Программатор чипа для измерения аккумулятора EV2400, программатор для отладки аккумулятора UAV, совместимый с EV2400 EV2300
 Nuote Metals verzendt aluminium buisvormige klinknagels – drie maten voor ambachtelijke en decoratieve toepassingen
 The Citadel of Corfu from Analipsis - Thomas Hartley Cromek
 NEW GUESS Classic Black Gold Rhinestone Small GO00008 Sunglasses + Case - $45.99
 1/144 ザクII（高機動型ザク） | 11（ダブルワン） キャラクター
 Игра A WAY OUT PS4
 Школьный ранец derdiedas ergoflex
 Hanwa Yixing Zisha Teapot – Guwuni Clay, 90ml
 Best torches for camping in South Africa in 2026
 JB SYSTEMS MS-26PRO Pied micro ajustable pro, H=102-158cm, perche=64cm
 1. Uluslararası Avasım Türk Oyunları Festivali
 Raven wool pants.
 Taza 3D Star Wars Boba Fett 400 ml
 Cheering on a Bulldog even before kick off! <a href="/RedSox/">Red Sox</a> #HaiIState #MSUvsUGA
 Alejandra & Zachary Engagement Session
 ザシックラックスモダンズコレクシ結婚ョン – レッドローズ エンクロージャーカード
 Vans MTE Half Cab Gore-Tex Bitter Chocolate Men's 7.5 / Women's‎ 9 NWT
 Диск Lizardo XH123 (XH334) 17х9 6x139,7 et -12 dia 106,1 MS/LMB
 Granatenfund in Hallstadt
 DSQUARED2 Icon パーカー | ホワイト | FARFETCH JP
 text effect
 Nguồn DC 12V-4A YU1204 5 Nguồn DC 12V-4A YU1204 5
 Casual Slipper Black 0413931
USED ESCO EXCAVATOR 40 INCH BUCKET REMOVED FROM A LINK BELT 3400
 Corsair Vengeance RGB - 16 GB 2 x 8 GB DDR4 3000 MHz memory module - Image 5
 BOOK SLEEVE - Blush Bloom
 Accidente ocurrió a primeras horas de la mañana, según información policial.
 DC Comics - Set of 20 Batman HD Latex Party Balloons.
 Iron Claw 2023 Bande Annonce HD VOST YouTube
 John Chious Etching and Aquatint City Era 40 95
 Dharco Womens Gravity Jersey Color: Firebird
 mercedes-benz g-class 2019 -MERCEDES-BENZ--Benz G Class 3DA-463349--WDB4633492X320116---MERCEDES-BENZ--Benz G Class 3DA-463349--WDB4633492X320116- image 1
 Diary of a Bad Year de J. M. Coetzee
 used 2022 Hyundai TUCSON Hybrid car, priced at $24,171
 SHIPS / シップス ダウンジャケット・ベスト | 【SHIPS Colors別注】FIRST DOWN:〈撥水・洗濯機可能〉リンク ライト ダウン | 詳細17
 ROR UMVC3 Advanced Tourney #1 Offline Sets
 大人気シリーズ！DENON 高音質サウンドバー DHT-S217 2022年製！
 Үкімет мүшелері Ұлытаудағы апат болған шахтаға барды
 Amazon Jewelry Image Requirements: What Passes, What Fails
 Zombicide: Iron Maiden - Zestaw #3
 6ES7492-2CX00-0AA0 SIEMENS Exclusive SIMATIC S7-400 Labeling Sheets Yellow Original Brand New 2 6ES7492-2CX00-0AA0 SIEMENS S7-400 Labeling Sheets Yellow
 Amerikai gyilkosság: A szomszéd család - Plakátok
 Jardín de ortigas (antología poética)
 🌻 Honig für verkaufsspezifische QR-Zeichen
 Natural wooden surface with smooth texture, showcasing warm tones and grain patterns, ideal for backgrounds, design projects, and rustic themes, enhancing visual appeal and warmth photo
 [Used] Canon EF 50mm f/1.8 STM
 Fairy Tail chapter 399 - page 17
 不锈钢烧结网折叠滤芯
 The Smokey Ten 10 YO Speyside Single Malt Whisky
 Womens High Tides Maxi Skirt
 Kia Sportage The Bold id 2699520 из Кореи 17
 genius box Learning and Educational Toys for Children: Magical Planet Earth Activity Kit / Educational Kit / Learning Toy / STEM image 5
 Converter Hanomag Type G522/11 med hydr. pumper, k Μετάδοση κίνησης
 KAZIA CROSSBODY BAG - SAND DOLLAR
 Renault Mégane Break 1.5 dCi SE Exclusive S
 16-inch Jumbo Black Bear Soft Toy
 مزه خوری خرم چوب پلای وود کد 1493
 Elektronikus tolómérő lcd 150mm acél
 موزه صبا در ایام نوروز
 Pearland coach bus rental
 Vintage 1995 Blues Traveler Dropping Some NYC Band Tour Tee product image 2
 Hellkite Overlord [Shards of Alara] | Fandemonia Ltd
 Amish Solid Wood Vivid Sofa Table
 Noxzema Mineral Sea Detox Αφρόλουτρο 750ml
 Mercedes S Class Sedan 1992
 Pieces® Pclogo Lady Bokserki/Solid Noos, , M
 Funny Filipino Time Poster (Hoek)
+ + +
Nothing but the exact lines from the start of the material through the line holding "Alejandra & Zachary Engagement Session", both included, belongs in the answer.

Программатор чипа для измерения аккумулятора EV2400, программатор для отладки аккумулятора UAV, совместимый с EV2400 EV2300
 Nuote Metals verzendt aluminium buisvormige klinknagels – drie maten voor ambachtelijke en decoratieve toepassingen
 The Citadel of Corfu from Analipsis - Thomas Hartley Cromek
 NEW GUESS Classic Black Gold Rhinestone Small GO00008 Sunglasses + Case - $45.99
 1/144 ザクII（高機動型ザク） | 11（ダブルワン） キャラクター
 Игра A WAY OUT PS4
 Школьный ранец derdiedas ergoflex
 Hanwa Yixing Zisha Teapot – Guwuni Clay, 90ml
 Best torches for camping in South Africa in 2026
 JB SYSTEMS MS-26PRO Pied micro ajustable pro, H=102-158cm, perche=64cm
 1. Uluslararası Avasım Türk Oyunları Festivali
 Raven wool pants.
 Taza 3D Star Wars Boba Fett 400 ml
 Cheering on a Bulldog even before kick off! <a href="/RedSox/">Red Sox</a> #HaiIState #MSUvsUGA
 Alejandra & Zachary Engagement Session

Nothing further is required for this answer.